Histone Modifications of CD36

The CD36 gene promoters and distal enhancers that bind CCCTC-binding factor (CTCF) or PPAR-γ are subjected to both histone acetylation and methylation (Mikkelsen et al., 2010). Although histone tails can be subjected to many other covalent modifications, they have not been documented in CD36 expression. Changes in CD36 histone marks have been studied mostly in adipocytes (Steger et al., 2008; Mikkelsen et al., 2010), monocytes/macrophages (Choi et al., 2005; Bekkering et al., 2014; Cortese et al., 2017), and hepatocytes (Cao et al., 2013; Zhong et al., 2017), but also in erythroid precursors (Cui et al., 2009), fibroblasts (Garbes et al., 2012), endothelial cells (Ren et al., 2016), and microglia (Xia et al., 2017). A summary of histone modifications affecting CD36 is presented in Table 1.

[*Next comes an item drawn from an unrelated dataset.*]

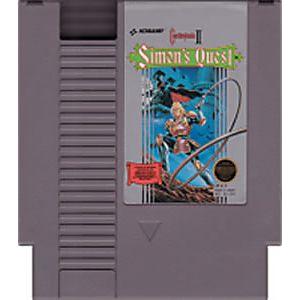 NES - Castlevania II Simon's Quest (cartouche uniquement)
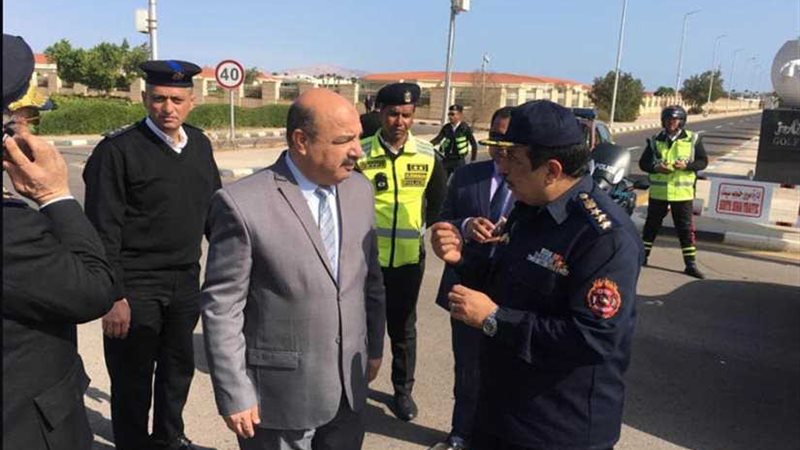 إجراءات مرورية مكثفة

Gene expression of CD36 in human adipocytes has been shown to be activated by both H3K4me3 at P3, the major CD36 promoter, and H3K27Ac in PPAR-γ enhancer (Mikkelsen et al., 2010). Intergenic enrichment of H3K79 monomethylation upstream of CD36 correlates with PPAR occupancy (Steger et al., 2008). The H3K4me3 mark at the CD36 promoter has also been linked to differentiation of hematopoietic stem/progenitor cells to erythroid precursors (Cui et al., 2009), and in macrophages it accompanies the switch to a pro-inflammatory phenotype (Bekkering et al., 2014). Another histone mark affecting CD36 expression in macrophages is H3K9Ac enrichment, which is found in aortic macrophages exposed to long-term chronic intermittent hypoxia, resulting in a higher CD36 mRNA level (Cortese et al., 2017). Increased H3 acetylation upstream of the CD36 promoter has also been correlated with hepatic accumulation of TGs (Cao et al., 2013).

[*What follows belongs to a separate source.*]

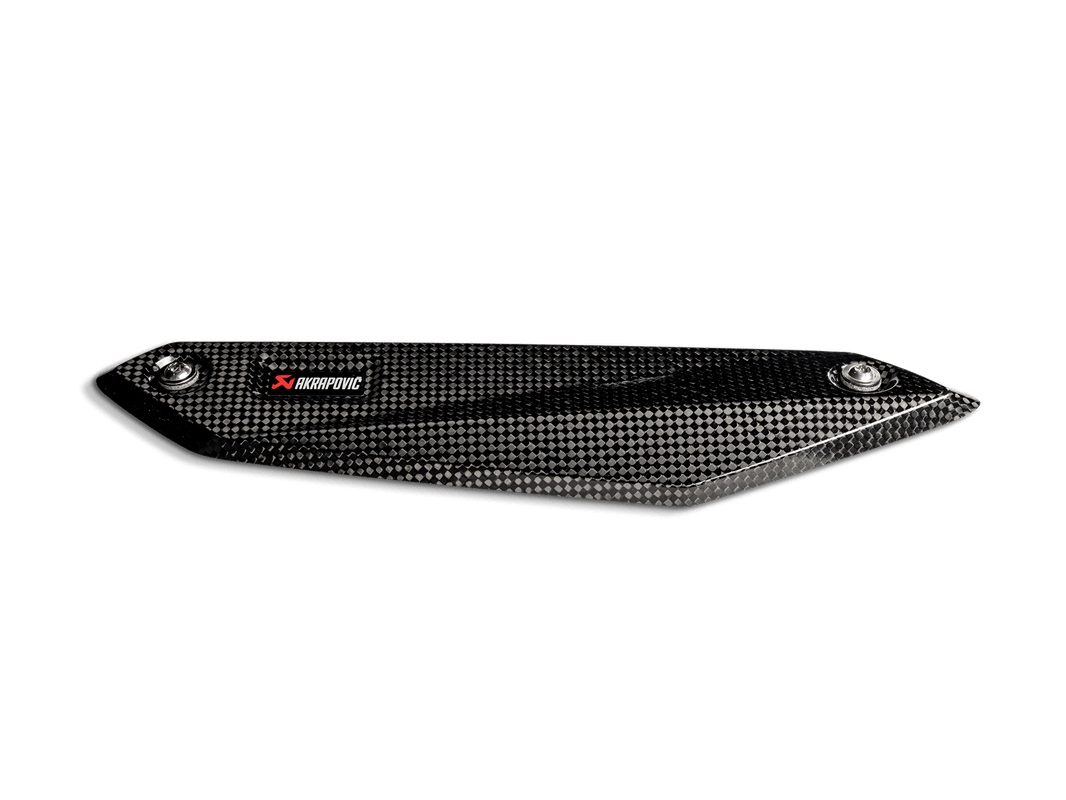 Akrapovic Scut termic din carbon Figura 1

Activation or repression of CD36 expression via histone modifications can be induced pharmacologically. Using trichostatin A (TSA), a specific HDAC inhibitor, that stimulates acetylation of H4 at the CD36 promoter, increases CD36 mRNA, followed by higher uptake of oxLDL in macrophages (Choi et al., 2005). CD36 repression has been reported with lysophosphatidic acid, via HDAC7 in endothelial cells (Ren et al., 2016), and an HDAC3 inhibitor (RGFP966) in primary microglia (Xia et al., 2017).

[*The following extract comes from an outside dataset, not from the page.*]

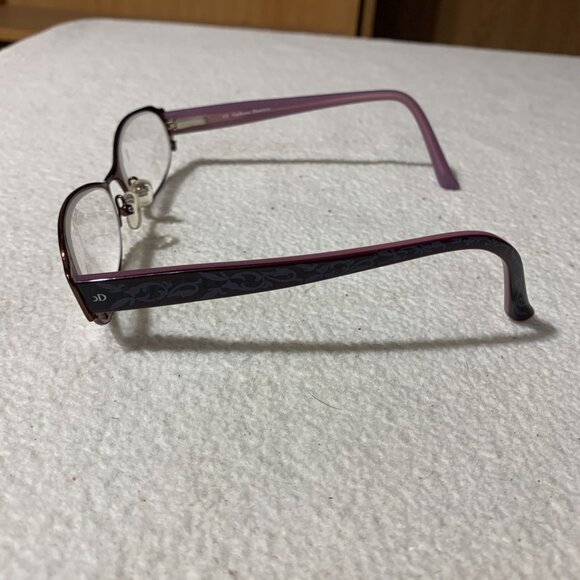 Catherine Deneuve Eyeglasses CD 240 BU 53-17 140 Purple Black - Picture 6 of 10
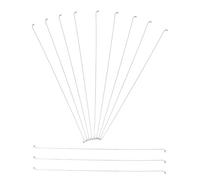 IWOWHERO 12 Piezas Alambre Cortador de Queso 55 Pulgadas Acero Inoxidable para Cortar Queso Jamón y Mantequilla Herramienta Cocina Versátil para Lonchas Uniformes y Precisas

Two studies have shown that the relationship between CD36 and histone modifiers is not unidirectional, and the former is capable of influencing the activity of the latter. Zhong et al. (2017) reported that CD36 deletion inhibits nuclear HDAC2 expression in hepatocytes, changing the acetylation of histones binding to the monocyte chemoattractant protein-1 (MCP-1) promoters and increasing macrophage infiltration and hepatic inflammation. In a study investigating the efficiency of VPA treatment in patients with spinal muscular atrophy, non-responsiveness to the drug was linked to CD36 overexpression, which suppressed the inhibitory effect of VPA on HDACs (Garbes et al., 2012).

CD36 histone modifications affect cells involved in lipid metabolism, but in contrast to DNA methylation patterns, changes in CD36 histone marks in these cells have been associated mostly with inflammation (Bekkering et al., 2014; Zhong et al., 2017). Several studies activating or inhibiting CD36 via histone modifiers have shown the therapeutic potential of these histone marks as targets for regulating the inflammatory response (Bekkering et al., 2014; Zhong et al., 2017). Although histone modifications have been documented extensively in cancer (Audia and Campbell, 2016), no study has yet linked CD36 histone marks with tumorigenesis.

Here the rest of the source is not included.